[Exercise]: Please output the data exactly, minus pictures.

[Given data]:
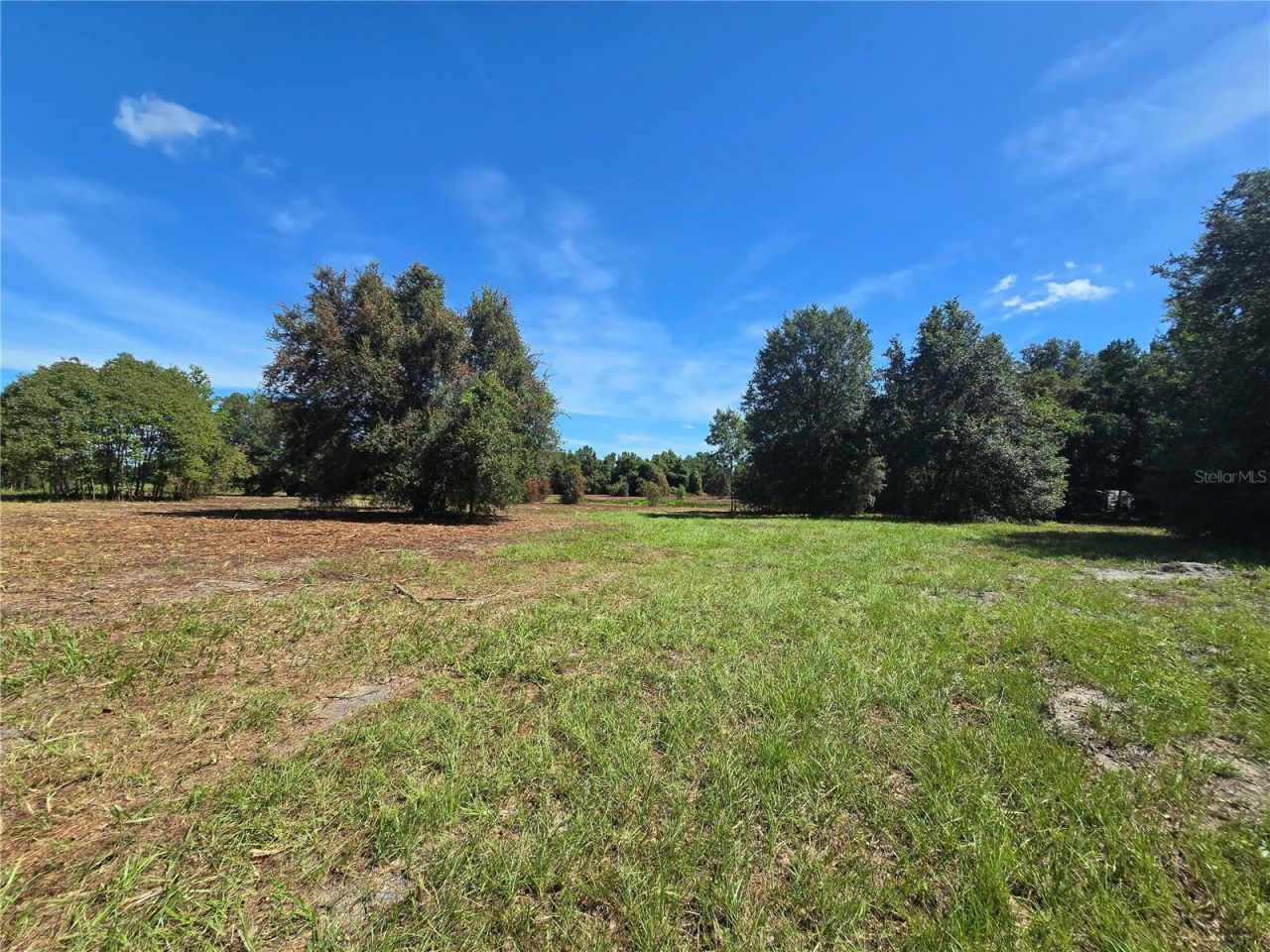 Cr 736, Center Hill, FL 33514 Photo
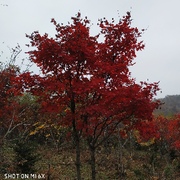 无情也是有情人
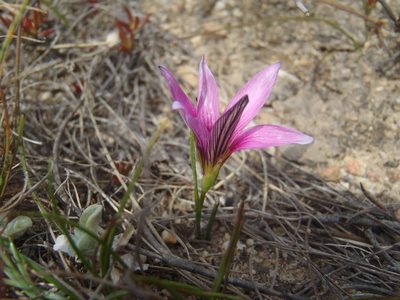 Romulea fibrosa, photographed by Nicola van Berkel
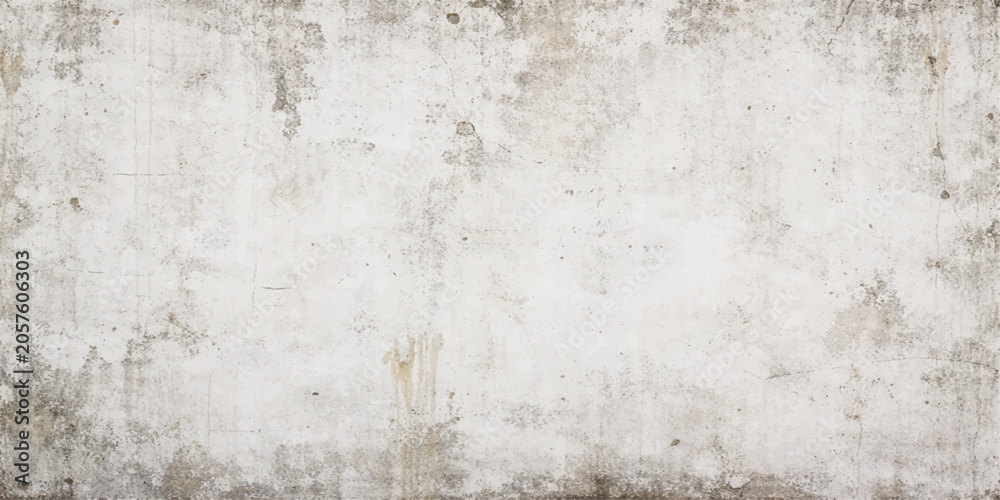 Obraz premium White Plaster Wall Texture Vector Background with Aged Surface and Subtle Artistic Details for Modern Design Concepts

[Task solution]:
 Cr 736, Center Hill, FL 33514 Photo
 无情也是有情人
 Romulea fibrosa, photographed by Nicola van Berkel
 Obraz premium White Plaster Wall Texture Vector Background with Aged Surface and Subtle Artistic Details for Modern Design Concepts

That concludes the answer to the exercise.